Speed & Latency for Voice: When you answer a phone call, you expect an immediate response. Waiting 15 seconds for an LLM to query CloudWatch while on the phone was unacceptable. We solved this with our "Predictive Pre-Fetch" pipeline: the AI guesses what you'll ask and caches the CloudWatch data while the phone is still ringing, bringing response times down to under a second.
Conversational Guardrails: LLMs love to output Markdown, bulleted lists, and long paragraphs. We had to heavily engineer our reasoning.txt prompts to force Nova 2 Lite to speak in short, punchy sentences (under 15 words) suitable for a stressed on-call engineer, explicitly banning lists and "yes/no" follow-up questions.

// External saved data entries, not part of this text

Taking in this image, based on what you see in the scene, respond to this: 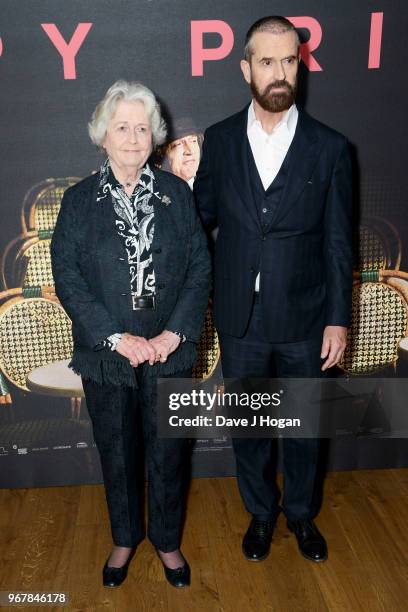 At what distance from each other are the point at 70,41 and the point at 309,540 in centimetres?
193

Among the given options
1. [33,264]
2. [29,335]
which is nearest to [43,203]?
[33,264]

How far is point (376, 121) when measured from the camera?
2.46m

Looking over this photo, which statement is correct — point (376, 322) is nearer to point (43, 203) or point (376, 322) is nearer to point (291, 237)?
point (291, 237)

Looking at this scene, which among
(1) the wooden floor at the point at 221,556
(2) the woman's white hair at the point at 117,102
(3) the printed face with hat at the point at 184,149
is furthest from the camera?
(3) the printed face with hat at the point at 184,149

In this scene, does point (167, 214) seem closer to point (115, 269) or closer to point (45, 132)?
point (115, 269)

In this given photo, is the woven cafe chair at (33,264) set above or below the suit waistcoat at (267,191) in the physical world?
below

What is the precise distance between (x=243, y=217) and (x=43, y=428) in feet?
4.20

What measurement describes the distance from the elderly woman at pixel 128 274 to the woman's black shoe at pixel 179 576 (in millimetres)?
380

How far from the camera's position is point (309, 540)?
2.34 meters

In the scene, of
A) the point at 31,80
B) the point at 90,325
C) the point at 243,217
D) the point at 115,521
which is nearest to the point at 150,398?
the point at 90,325

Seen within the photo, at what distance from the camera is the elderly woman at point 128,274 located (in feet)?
6.29

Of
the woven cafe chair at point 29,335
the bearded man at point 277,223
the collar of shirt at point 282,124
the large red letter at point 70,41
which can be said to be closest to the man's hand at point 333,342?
the bearded man at point 277,223

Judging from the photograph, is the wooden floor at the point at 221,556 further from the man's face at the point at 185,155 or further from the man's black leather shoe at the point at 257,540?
the man's face at the point at 185,155

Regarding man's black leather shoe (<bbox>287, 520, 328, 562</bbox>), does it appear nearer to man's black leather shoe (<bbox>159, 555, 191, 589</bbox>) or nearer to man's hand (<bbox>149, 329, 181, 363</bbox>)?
man's black leather shoe (<bbox>159, 555, 191, 589</bbox>) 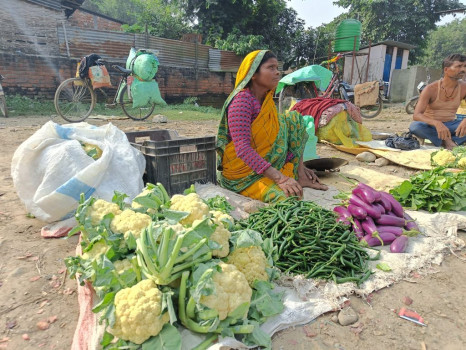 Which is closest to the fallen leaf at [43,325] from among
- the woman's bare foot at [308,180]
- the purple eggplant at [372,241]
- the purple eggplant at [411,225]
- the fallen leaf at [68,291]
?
the fallen leaf at [68,291]

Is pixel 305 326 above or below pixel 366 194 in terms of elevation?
below

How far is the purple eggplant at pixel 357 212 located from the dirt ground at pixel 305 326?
21.4 inches

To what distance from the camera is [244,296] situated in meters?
1.50

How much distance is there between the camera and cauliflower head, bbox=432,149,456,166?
416cm

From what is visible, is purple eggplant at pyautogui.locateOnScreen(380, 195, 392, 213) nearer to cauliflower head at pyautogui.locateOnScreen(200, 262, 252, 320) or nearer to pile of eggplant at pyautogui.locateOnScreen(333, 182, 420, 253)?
pile of eggplant at pyautogui.locateOnScreen(333, 182, 420, 253)

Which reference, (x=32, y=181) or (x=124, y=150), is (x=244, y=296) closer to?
(x=124, y=150)

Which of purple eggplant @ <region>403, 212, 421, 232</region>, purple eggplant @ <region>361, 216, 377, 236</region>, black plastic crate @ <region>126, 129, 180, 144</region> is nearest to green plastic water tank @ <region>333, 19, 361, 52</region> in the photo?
black plastic crate @ <region>126, 129, 180, 144</region>

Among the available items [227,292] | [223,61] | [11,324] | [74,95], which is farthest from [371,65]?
[11,324]

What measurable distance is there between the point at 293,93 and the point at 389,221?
19.5ft

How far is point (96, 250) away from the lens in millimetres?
1715

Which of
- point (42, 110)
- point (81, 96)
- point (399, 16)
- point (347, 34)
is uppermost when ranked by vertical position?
point (399, 16)

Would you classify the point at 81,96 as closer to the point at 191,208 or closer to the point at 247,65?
the point at 247,65

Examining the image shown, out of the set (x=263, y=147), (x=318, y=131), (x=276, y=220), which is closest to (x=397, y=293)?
(x=276, y=220)

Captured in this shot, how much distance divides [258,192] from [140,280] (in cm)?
172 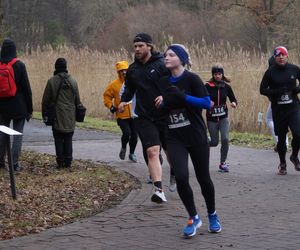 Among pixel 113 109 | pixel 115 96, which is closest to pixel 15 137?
pixel 113 109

Accomplishments that we're proud of

Successfully orchestrating three different specialized Amazon Nova models in a single automated pipeline.
Reducing end-to-end incident triage time from an alarm firing to the engineer getting a spoken RCA on their phone to just 45 seconds.
Designing the Predictive Pre-Fetch system—it feels like magic when the AI already knows the CPU utilization metric before you even ask for it on the call.
Ensuring the entire platform is strictly read-only, making it incredibly safe to deploy in production environments without fear of the AI accidentally mutating infrastructure.

What we learned

Prompt engineering for voice (speech-to-speech) is fundamentally different from text-based chatbots. You must meticulously train the model on pacing, brevity, and spoken-word formatting (e.g., spelling out acronyms like "API" or "AWS").
Semantic log reduction (using embeddings instead of just regex filtering) is incredibly powerful for identifying subtle, cascading failures that traditional keyword alerts miss.

What's next for Flare

Multi-Cloud Support: Extending log ingestion and metric querying beyond CloudWatch to support Datadog, Splunk, and GCP Operations.
Auto-Remediation Suggestions: While Flare is strictly read-only right now, we plan to add a feature where Flare can propose AWS CLI commands or Terraform changes to fix the root cause, requiring only a one-click human approval to execute.
Interactive Runbooks: Allowing teams to upload their internal standard operating procedures (SOPs) into a knowledge base (using Knowledge Bases for Amazon Bedrock) so Flare can directly quote internal documentation during the voice call.